Dovrò ripetere questo cento volte, perchè non v’è nella vita
spirituale alcuna difficoltà o pericolo, in cui questo non sia un consiglio
necessario. Finalmente la nostra attuale umiltà esige che in nessun modo desideriamo
che ci accadano cose soprannaturali, quali sarebbero voci mentre preghiamo, visioni
e simili. Una persona che desideri queste cose può ad ogni istante divenir
preda di terribili illusioni; ed ancorché Dio realmente concedesse tali doni,
essi sarebbero accompagnati da grandi pericoli per le nostre anime inesperte e non
intieramente mortificato. Probabilmente li contorceremmo a nostra propria distruzione.
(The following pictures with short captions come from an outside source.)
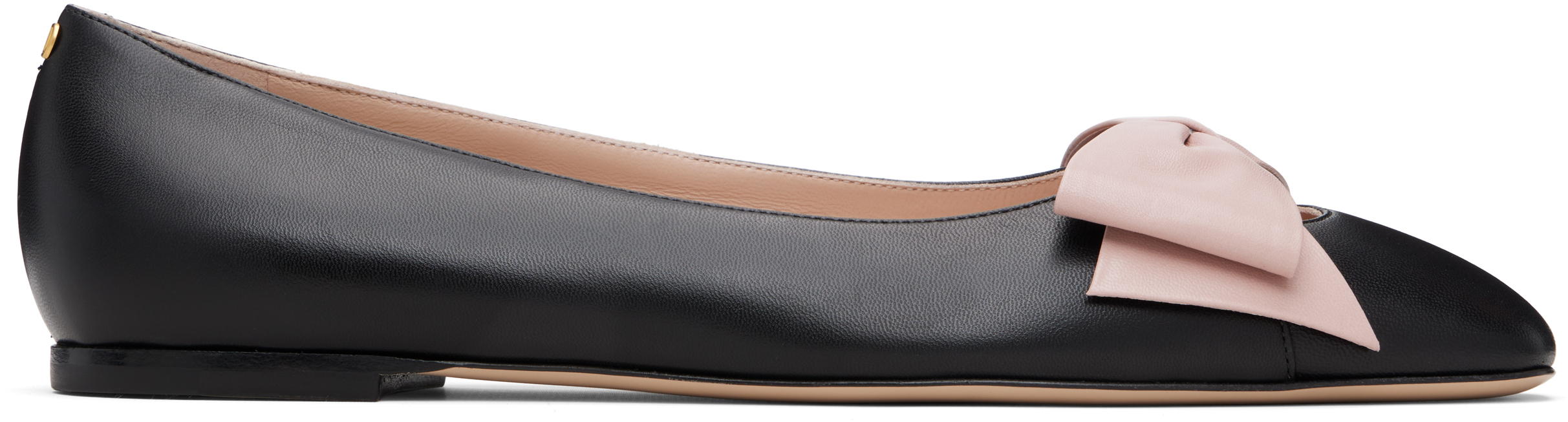 Valentino Black Bowow Kidskin Ballerina Flats In Black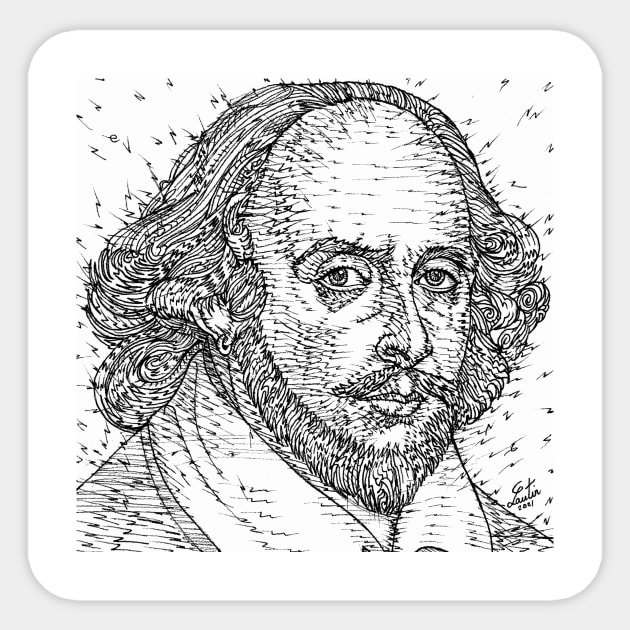 WILLIAM SHAKESPEARE ink portrait .2 Sticker by lautir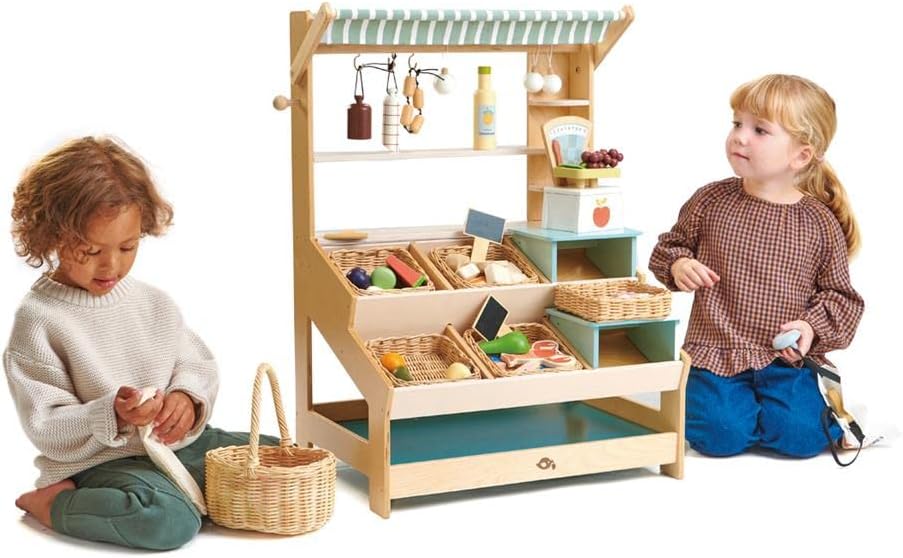 Tender Leaf Toys - General Stores - Toy Set for Kids - Beautiful Market Stall with Shelves Pretend Play Toy Set for Kids 3+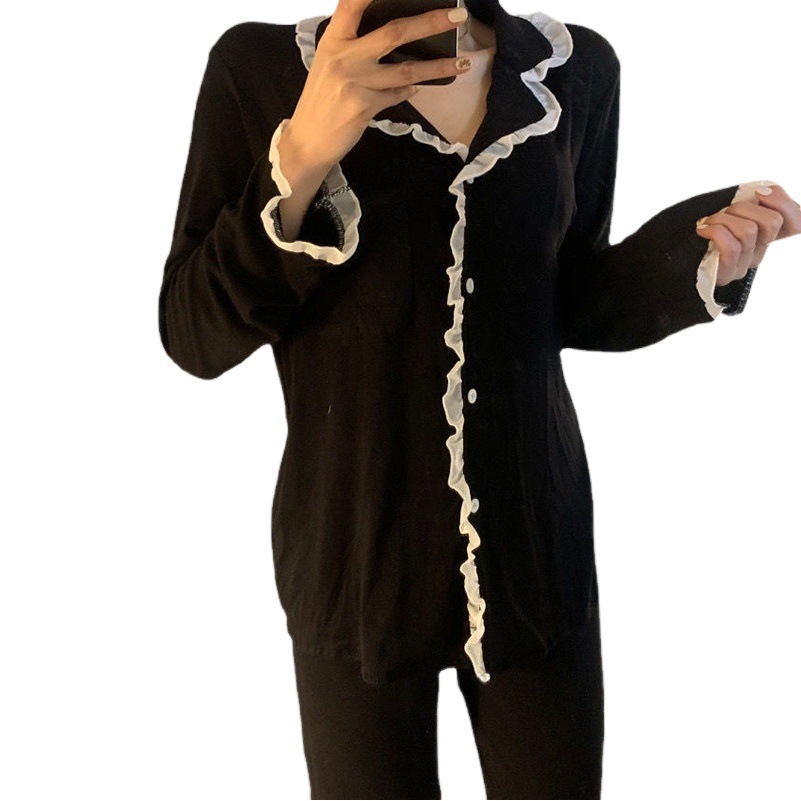 Pijamas femeninos 2025 de encaje estilo coreano manga larga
Eppure un tale desio è una tentazione comune in questo critico periodo. Se
santa Teresa credette bene di pregare che Dio volesse guidarla per la via ordinaria
e comune, quanto non deve essere necessaria a noi una tale guida comune! Pure stenterei
a consigliare di pregare per ottenerla, per timore che tale preghiera ci empia il
capo di pericolosi pensieri. Non v’é né debolezza né follia
che possa riuscir di sorpresa al nostro amor proprio.

In questi cinque modi possiamo corrispondere alle grazie già da Dio largiteci,
e coltivar quelle nuove belle promesse di incremento in santità, che Dio ci
permise di mostrare nella nostra anima. Non lascerò questo soggetto del pio
progresso senza presentarvi un estratto che Orlandini tolse dalle carte del gesuita
padre Faber compagno di sant’Ignazio. È comune errore, dice Orlandini, in
coloro che mirano alle perfezione, il far più attenzione ai loro falli quotidiani,
che non a coltivare più oltre la virtù ed il progresso spirituale.
Faber si lagnava spesso di questo, dicendo parergli che la gente avesse più
gusto in studiare l’arte di far sbagli e falli, che non d’acquistare la bellezza
della virtù. Egli chiamò questo una frode nella vita spirituale. Perchè
se è virtù l’evitar il vizio, pure il contemplare sempre e deplorare
i nostri peccati, trattiene la nostra anima dall’elevarsi a cose migliori, e ritarda
la sua santa impetuosità, con cui tenta grandi opere e rapidamente ascende
le elevazioni della virtù, le quali sono per se stesse fatali al vizio, che
noi meno saviamente cerchiamo di scemare col guardare continuamente noi stessi.






Testo tratto
da: P. F. Faber d’O., I progressi dell’anima nella vita spirituale, Torino:
Marietti, 1906 (trad. della III ed. Inglese, 1859), pp. 22-32.